The next very important thing is technology. So for big data, as I talked before, we could use specific technologies, such as MapReduce, Hadoop, NoviScale databases, Spark, and so on. We will talk about these technologies with you in the Avanet lectures.
And the last part is related to data science, and we talk about specific data storage, about data flow and data lifecycle, about cyber security related to data access and data transfer, and so on. So the next point of view, this is engineering point of view.
So from engineering point of view, we talk about storages and possibilities of storages, providers of the storages. We talk about a specific process in technologies. As I mentioned, for example, Google File System, Hadoop ecosystem, MapReduce.
We talk also about cyber security, who can access this data, when this data can be accessed, how this data can be accessed, using which protocols, and so on. The next, this is about data streaming.
First of all, this is about communication, human-to-human communication, or computer-human communication, and so on. Capacity of this data streaming.
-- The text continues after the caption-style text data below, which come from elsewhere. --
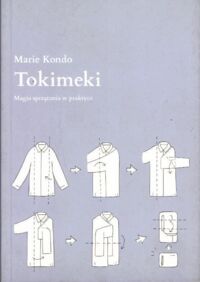 Miniatura okładki Kondo Marie Tokimeki. Magia sprzątania w praktyce.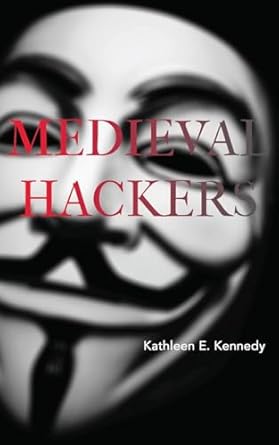medieval hackers 1st edition kathleen e kennedy 0692352465, 978-0692352465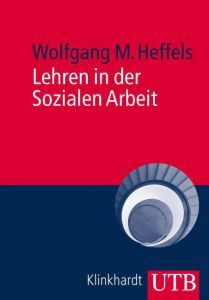 Lehren in der Sozialen Arbeit Heffels, Wolfgang M (Prof. Dr.) 9783825230708
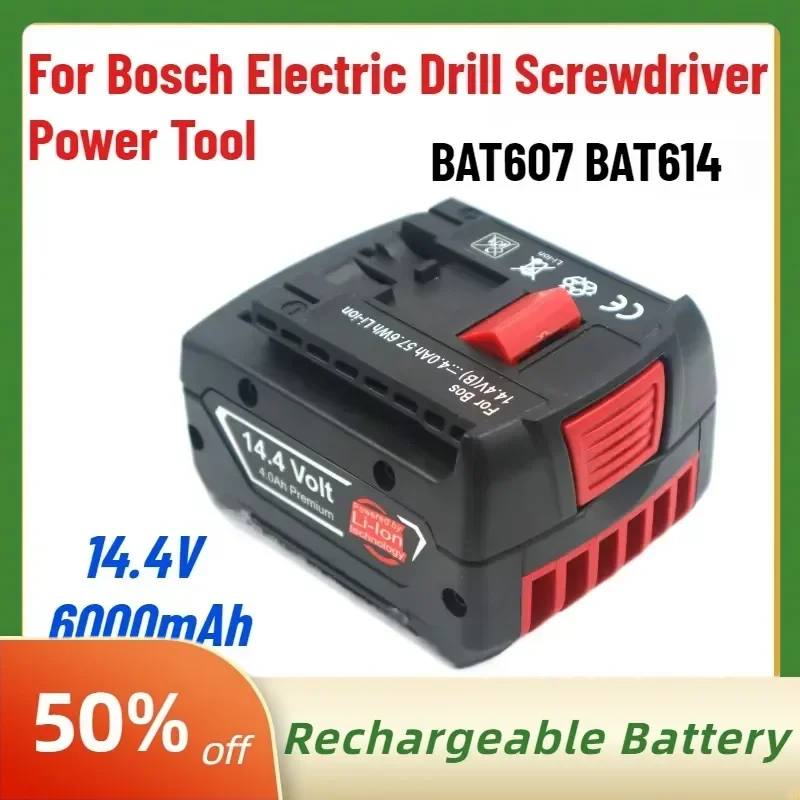 

New 6000mAh 14.4V BAT607 BAT614 Li-Ion Rechargeable Batteries for Bosch Electric Drill Screwdriver Power Tool 18650 Battery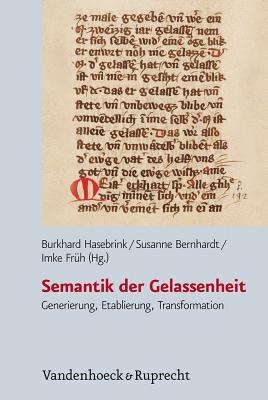 Semantik der Gelassenheit: Generierung, Etablierung, Transformation - Hasebrink, Burkhard (Editor), and Bernhardt, Susanne (Editor), and Fruh, Imke (Editor)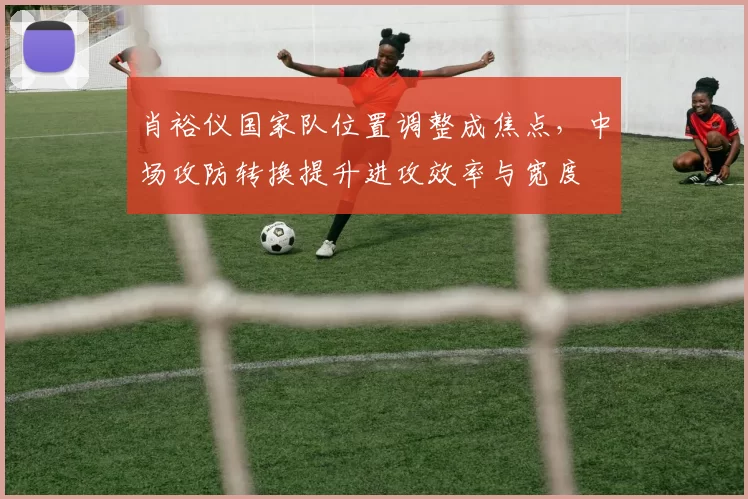 肖裕仪国家队位置调整成焦点，中场攻防转换提升进攻效率与宽度
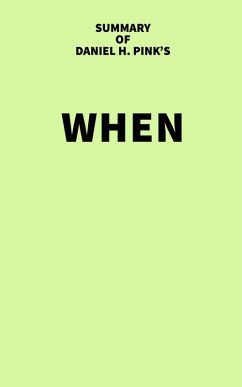 Cover Summary of Daniel H. Pink's When (eBook, ePUB)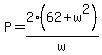 P=2%2A%2862%2Bw%5E2%29%2Fw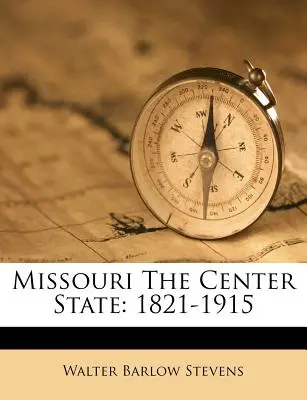 Missouri The Center State: 1821-1915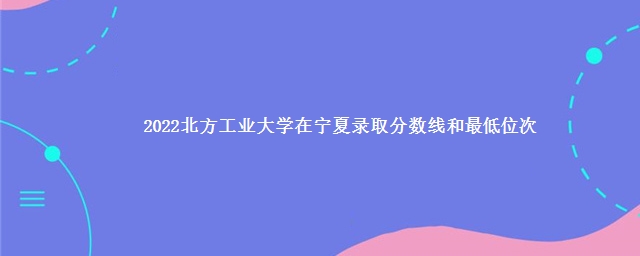 2022北方工业大学在宁夏录取分数线和最低位次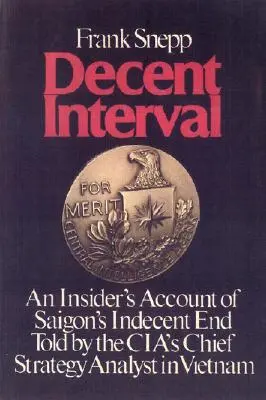 Intervalo decente: Un relato desde dentro del indecente final de Saigón contado por el analista jefe de estrategia de la CIA en Vietnam - Decent Interval: An Insider's Account of Saigon's Indecent End Told by the Cia's Chief Strategy Analyst in Vietnam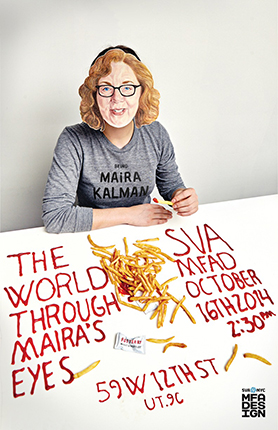 A poster of a woman sitting at a table filled with fries and the text written with ketchup: The World Trough Maria's Eyes. SVA MFAD.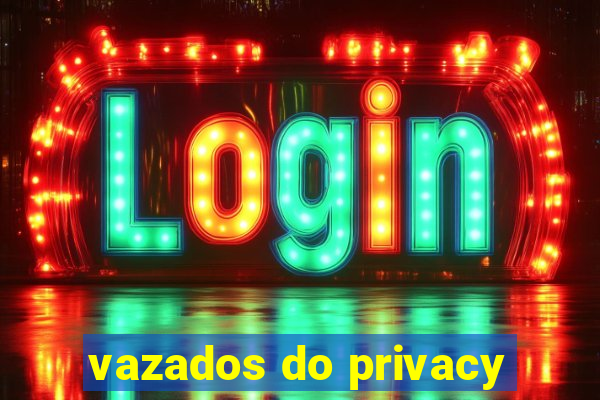 vazados do privacy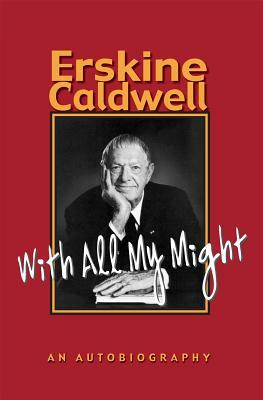 With All My Might: An Autobiography by Erskine Caldwell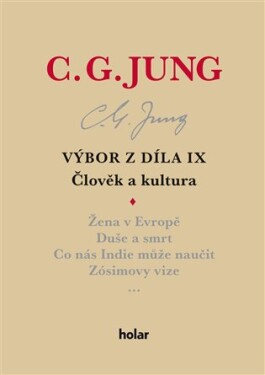 Výbor z díla IX – Člověk a kultura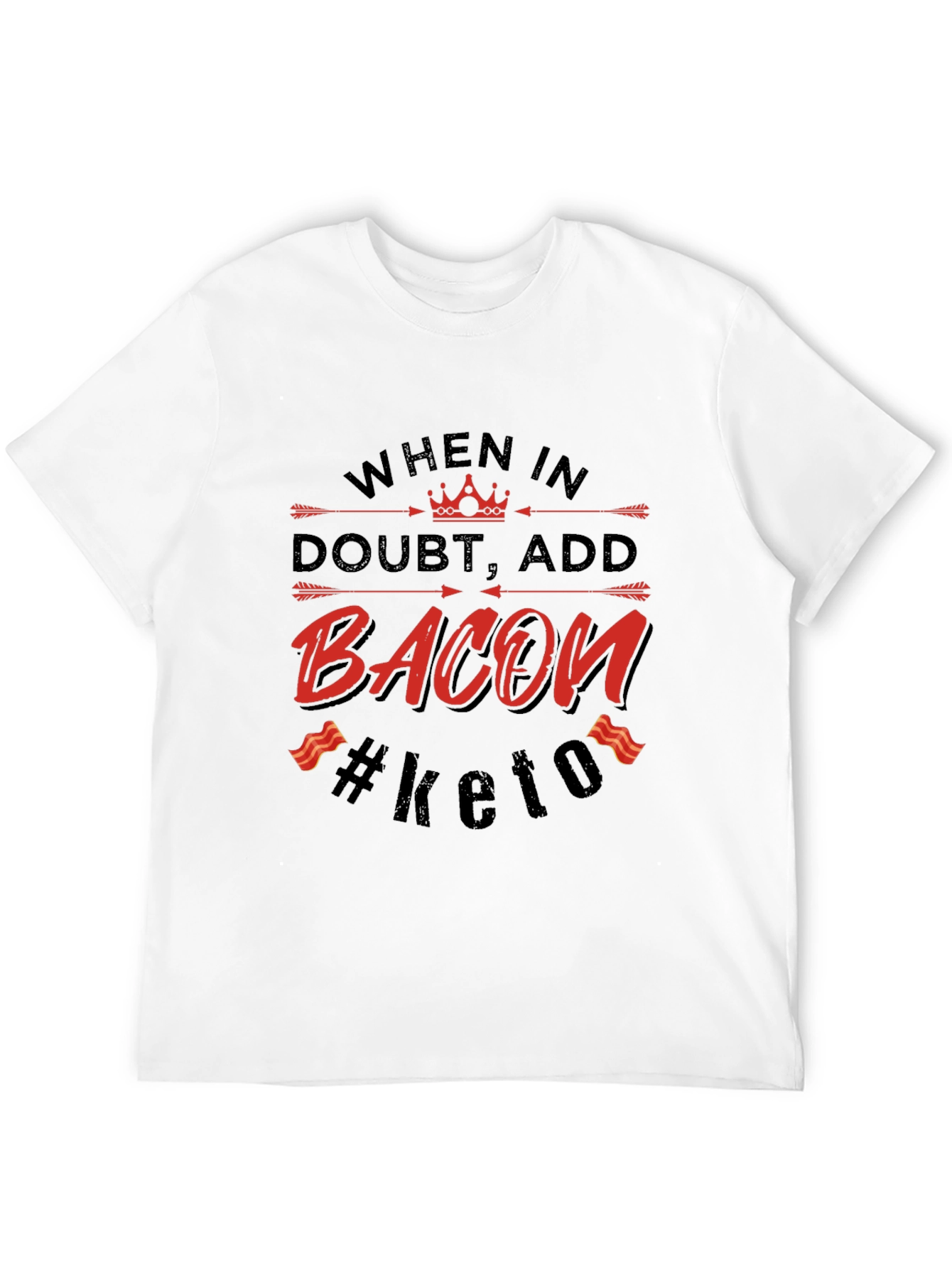 Bacon Keto T-Shirt - When in Doubt Add Bacon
At the next, this is very important scene related to data lifecycle, when our data must be created, processed, analyzed, when we can delete this data, because the importance of this data,
it's not so huge at that moment, and so on. And the last one, this is about data computing. Particularly, when we talk about big data and sensor data analysis, this is very important for us to use also for computing, or computing based on edge device processing.
And here you can see big data landscape, and this landscape related to different technologies, to services, such as infrastructure services, operational services, analytics infrastructure,
and so on, related to data sources, such as structured databases, semi-structured databases, such as logs, vertical data storages, business analysis, and analytics, and we will talk about specific algorithms for that.
And in this case, big data can be presented as intersection of hacking skills, because we must organize access to the data, mathematical and statistical, and statistics knowledge, because we must analyze this data using machine learning algorithms and deep learning algorithms,
and also substantive expertise, such as data search, data analysis, and so on. And the last part, traditional data science consists of three stages.
The same is for big data. The first stage is data pre-processing, and we spent around 70% of the whole time for that. We talk about data collection, data cleaning, data aggregation, and so on.
The next part is data pre-processing, related to exploratory data analysis, for data visualization, and data representation, and so on. And the last one, this is actually analytics, or hidden knowledge, and mining based on different
machine learning models, related to clustering, classification, regression, and so on. And next lecture, we start with you from this last slide part, related to data analytics, because methods of clustering, classification, and regression can be used for other stages
too, on the data processing stage, and also as well as data pre-processing stage.